Records for processing:
-=-=-

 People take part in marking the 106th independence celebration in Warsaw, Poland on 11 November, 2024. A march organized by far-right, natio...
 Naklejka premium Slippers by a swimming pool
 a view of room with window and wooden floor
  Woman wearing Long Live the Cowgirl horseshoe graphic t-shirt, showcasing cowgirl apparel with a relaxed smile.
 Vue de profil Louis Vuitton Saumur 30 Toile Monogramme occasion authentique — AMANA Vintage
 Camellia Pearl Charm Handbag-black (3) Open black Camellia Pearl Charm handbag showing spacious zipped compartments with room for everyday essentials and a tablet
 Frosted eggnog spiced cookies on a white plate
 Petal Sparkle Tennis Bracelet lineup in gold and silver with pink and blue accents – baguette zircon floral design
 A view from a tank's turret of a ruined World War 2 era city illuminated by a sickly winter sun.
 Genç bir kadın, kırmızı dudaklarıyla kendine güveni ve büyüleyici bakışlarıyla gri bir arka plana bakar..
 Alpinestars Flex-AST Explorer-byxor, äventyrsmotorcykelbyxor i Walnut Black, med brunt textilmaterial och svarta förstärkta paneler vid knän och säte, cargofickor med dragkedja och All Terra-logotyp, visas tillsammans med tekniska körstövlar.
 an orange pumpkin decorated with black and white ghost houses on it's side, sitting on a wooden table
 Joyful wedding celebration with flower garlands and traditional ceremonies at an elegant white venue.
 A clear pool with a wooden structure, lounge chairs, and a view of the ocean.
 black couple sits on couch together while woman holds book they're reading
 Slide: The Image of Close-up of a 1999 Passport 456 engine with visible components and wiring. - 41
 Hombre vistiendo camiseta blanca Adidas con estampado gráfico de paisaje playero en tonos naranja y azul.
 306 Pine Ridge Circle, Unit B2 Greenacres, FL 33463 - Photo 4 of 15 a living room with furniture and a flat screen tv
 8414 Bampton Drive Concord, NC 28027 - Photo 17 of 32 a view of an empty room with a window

-=-=-

Exercise aim:
Starting with the line that holds "Woman wearing Long" and ending with the line that holds "Frosted eggnog spiced", retype every line in the data above exactly, and nothing else.

Worked solution:
  Woman wearing Long Live the Cowgirl horseshoe graphic t-shirt, showcasing cowgirl apparel with a relaxed smile.
 Vue de profil Louis Vuitton Saumur 30 Toile Monogramme occasion authentique — AMANA Vintage
 Camellia Pearl Charm Handbag-black (3) Open black Camellia Pearl Charm handbag showing spacious zipped compartments with room for everyday essentials and a tablet
 Frosted eggnog spiced cookies on a white plate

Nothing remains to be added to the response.